Greek protesters bar NATO fleet from port

Thousands of protesters, organized by the Piraeus committee of the Greek Committee for International Peace and Détente, massed for two days of demonstrations against the presence offshore of the NATO Standing Naval Force of the Mediterranean. Protesters also targeted the Greek government and the presidency of the European Union with their slogans.

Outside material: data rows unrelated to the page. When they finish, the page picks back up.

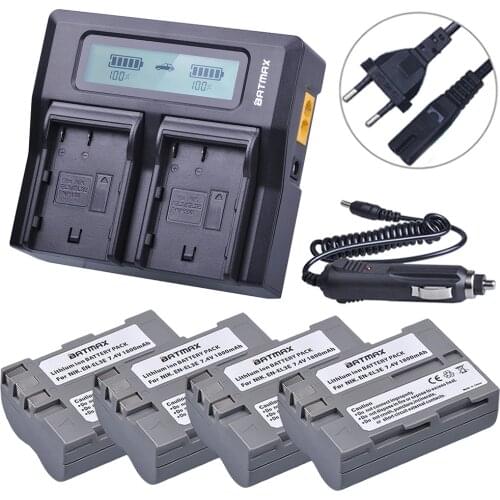 Batmax 4Pcs EN-EL3E EN EL3E ENEL3E Battery + LCD Rapid Dual Charger for Nikon D70 D70S D80 D90 D100 D200 D300 D300S D700 Camera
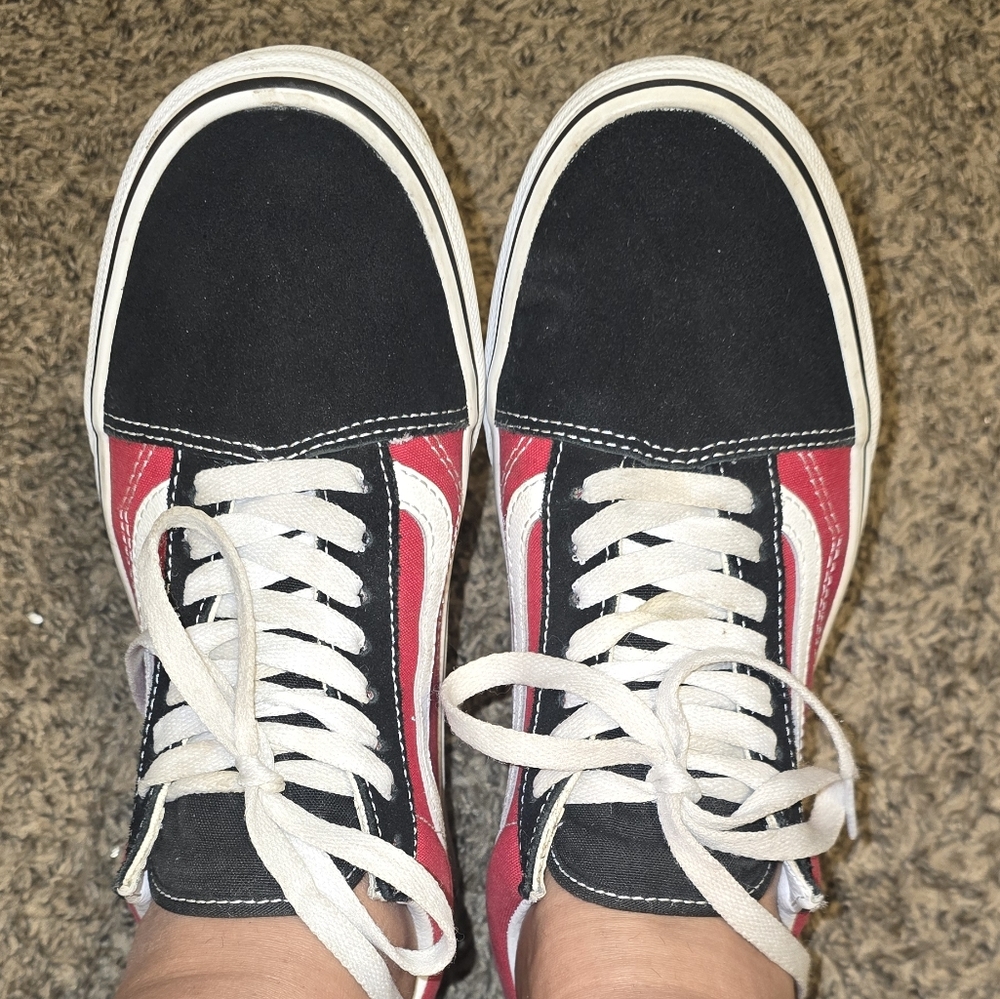 Vans Red and Black LOW-Top Sneakers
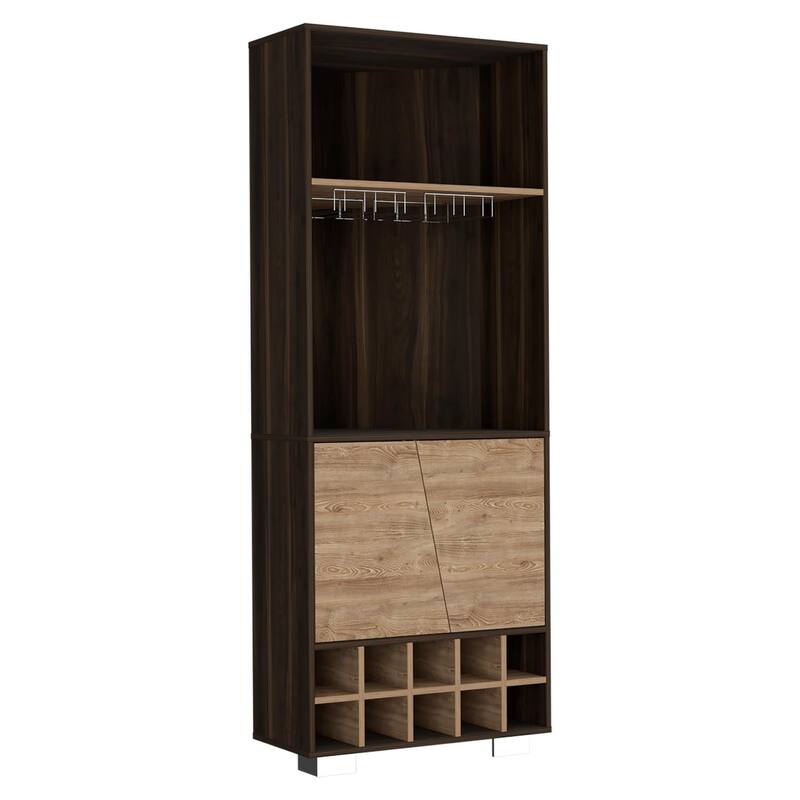 Fraktal Corner, Wine Rack, Two Shelves, Double Door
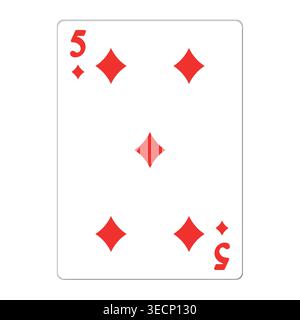 Five of diamonds. Playing card with golden elements. Casino icons. Pictograms representing different suits. Vector illustration. Flat design for Stock Vector
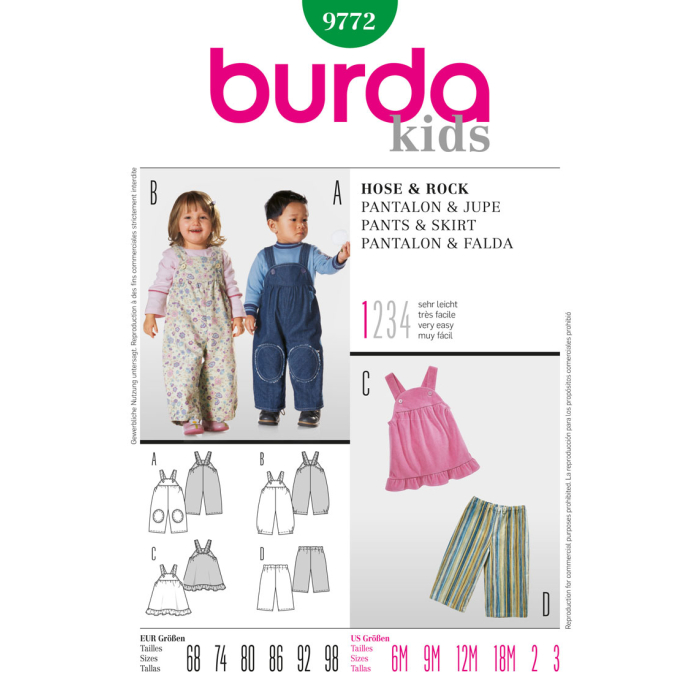 Böttger Stoffenwinkel - tuinbroekje, salopette, jurkje en broekje (maat 68-98) Burda 9772 - burda9772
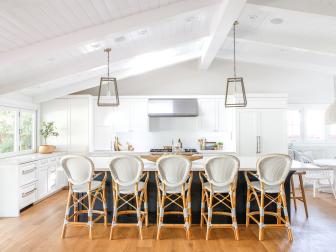 Transitional White Kitchen With Navy Island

Other initiators included Youth Action for Peace, the Action-Thessaloniki 2003 campaign, the left-led labor federation PAME, and dozens of other organizations.

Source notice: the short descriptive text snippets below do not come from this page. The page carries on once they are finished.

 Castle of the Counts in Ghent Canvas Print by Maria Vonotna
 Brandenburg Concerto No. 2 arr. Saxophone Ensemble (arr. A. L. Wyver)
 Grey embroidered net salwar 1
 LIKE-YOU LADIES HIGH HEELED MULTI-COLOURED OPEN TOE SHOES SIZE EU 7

Very early in the morning on Feb. 19, the Communist Party of Greece and the left-led PAME labor federation hung two huge banners visible from the sea, saying “NATO killers go home” and “NATO fleet is not welcome.” The first march, which started at 10 a.m., was followed by another at 5 p.m., with protesters staying far into the night, holding torches that could be seen from the ships.

On the evening of Feb. 20, the protest continued with one of the biggest demonstrations in the city’s history.

As a result, the Greek government was forced to appeal to the commander of the fleet of U.S., Spanish, Turkish, Dutch and Italian vessels, not to enter the harbor.

On Feb. 20, the German vessel tried to dock at a secondary port in a suburb of Piraeus to take on supplies. Members of the seamen’s unions immediately gathered at the dock, together with area young people. As a result, the ship left in midday, empty-handed.

During a press conference, Feb. 20, aboard the NATO fleet’s flagship, Greek journalists presented U.S. Admiral Gregory G. Johnson, commander of the NATO forces in Southern Europe, with a statement protesting any attack on Iraq, opposing the role of NATO and emphasizing the popular opposition to the fleet’s presence in Piraeus.